The U.S. was among the first to adopt a formal cyber security initiative, 2008’s Comprehensive National Cybersecurity Initiative (CNCI) and laid its goals out in a White House press release:
To establish a front line of defense against today’s immediate threats by creating or enhancing shared situational awareness of network vulnerabilities, threats, and events within the Federal Government—and ultimately with state, local, and tribal governments and private sector partners—and the ability to act quickly to reduce our current vulnerabilities and prevent intrusions.
To defend against the full spectrum of threats by enhancing U.S. counterintelligence capabilities and increasing the security of the supply chain for key information technologies.
To strengthen the future cybersecurity environment by expanding cyber education; coordinating and redirecting research and development efforts across the Federal Government; and working to define and develop strategies to deter hostile or malicious activity in cyberspace.
While it’s promising to see governments stepping up to offer cyber security assistance, responsibility for protection still very much rests on each individual organization’s shoulders. It’s your data, your network and your customers or constituents that will be affected when your system gets hit. That’s why it’s critical to have cyber security response plans and tools in place and ready to roll.
How do you prepare?
1. Take responsibility
First, boards and senior management must take responsibility for crisis prevention and crisis response. This means approving spending for training, as well as springing for any necessary hardware, software or personnel.
2. Employees must be educated
They are your first line of defense, so giving them a thorough lesson in information security is critical. A huge percentage of so-called hacks are achieved, not through amazing feats of computer work, but by exploiting weak passwords and capitalizing on the use of social engineering—the art of manipulating people into performing actions or divulging confidential information.
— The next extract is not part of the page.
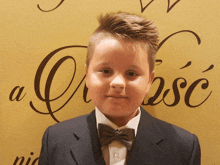 a young boy wearing a suit and bow tie stands in front of a wall that says a czasc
3. Create a team to monitor and respond
If your IT staff is overwhelmed with normal responsibilities such as infrastructure maintenance and fixing problems, how will you ever catch a data breach in action? Even if you did, would anyone there know how to shut the floodgates? With cyber security risks, a few seconds of vulnerability could literally mean millions of dollars in data lost.
4. Know what to do when you're hacked
A talented attacker may be capable of bypassing even the well-crafted protections without triggering alarms. Because of this, a response team must be designated that can make the big decisions and pull the trigger with a minimum of information and next to no time to operate.
Regular meetings and simulations will help team members to know their responsibilities, iron out kinks in plans and develop the type of working relationship required to negate threats presented by coordinated and fast-moving Internet assailants.
5. Disclosure and transparency are essential
When you realize you have a problem on your hands, you need to let stakeholders know exactly what’s happened, how you plan to fix it, and perhaps more importantly, how you will prevent it from happening again.
The ability to recognize crisis management risks and adapt to defeat them is a hallmark of successful companies. As both the public and private sectors integrate their operations even further into the Web with cloud-based solutions and global social networks, diligence and a healthy investment into preventing cyber security risks is a critical need.